Segment Start: Study material

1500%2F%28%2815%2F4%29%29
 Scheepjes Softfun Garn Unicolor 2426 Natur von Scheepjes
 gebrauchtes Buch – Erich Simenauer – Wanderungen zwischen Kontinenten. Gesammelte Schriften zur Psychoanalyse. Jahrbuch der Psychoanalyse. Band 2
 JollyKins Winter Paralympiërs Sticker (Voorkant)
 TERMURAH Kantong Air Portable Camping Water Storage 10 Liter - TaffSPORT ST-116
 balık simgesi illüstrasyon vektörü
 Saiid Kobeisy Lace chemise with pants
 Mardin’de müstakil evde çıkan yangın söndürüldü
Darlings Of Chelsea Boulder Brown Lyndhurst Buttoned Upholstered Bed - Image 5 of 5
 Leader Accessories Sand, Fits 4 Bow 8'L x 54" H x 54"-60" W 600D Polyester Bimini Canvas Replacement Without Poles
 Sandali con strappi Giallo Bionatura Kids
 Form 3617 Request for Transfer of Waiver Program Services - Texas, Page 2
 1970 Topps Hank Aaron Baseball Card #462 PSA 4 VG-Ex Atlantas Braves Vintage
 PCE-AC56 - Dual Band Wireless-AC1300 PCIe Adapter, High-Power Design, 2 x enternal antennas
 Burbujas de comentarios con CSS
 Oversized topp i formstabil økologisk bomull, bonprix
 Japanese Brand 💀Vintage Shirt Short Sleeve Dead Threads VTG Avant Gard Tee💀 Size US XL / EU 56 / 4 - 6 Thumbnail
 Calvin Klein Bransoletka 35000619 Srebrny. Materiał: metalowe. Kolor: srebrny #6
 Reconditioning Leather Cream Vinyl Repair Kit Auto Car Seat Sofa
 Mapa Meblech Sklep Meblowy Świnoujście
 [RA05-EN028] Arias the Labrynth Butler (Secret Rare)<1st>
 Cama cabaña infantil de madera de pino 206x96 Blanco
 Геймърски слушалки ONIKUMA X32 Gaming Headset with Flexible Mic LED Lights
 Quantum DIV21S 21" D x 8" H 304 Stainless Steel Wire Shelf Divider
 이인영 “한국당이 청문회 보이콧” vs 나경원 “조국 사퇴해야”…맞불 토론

Segment End: Study material

Problem details: A verbatim copy of the lines from the one with "Sandali con strappi Giallo Bionatura Kids" to the end of the listing is the whole answer.

Reply to the exercise:
 Sandali con strappi Giallo Bionatura Kids
 Form 3617 Request for Transfer of Waiver Program Services - Texas, Page 2
 1970 Topps Hank Aaron Baseball Card #462 PSA 4 VG-Ex Atlantas Braves Vintage
 PCE-AC56 - Dual Band Wireless-AC1300 PCIe Adapter, High-Power Design, 2 x enternal antennas
 Burbujas de comentarios con CSS
 Oversized topp i formstabil økologisk bomull, bonprix
 Japanese Brand 💀Vintage Shirt Short Sleeve Dead Threads VTG Avant Gard Tee💀 Size US XL / EU 56 / 4 - 6 Thumbnail
 Calvin Klein Bransoletka 35000619 Srebrny. Materiał: metalowe. Kolor: srebrny #6
 Reconditioning Leather Cream Vinyl Repair Kit Auto Car Seat Sofa
 Mapa Meblech Sklep Meblowy Świnoujście
 [RA05-EN028] Arias the Labrynth Butler (Secret Rare)<1st>
 Cama cabaña infantil de madera de pino 206x96 Blanco
 Геймърски слушалки ONIKUMA X32 Gaming Headset with Flexible Mic LED Lights
 Quantum DIV21S 21" D x 8" H 304 Stainless Steel Wire Shelf Divider
 이인영 “한국당이 청문회 보이콧” vs 나경원 “조국 사퇴해야”…맞불 토론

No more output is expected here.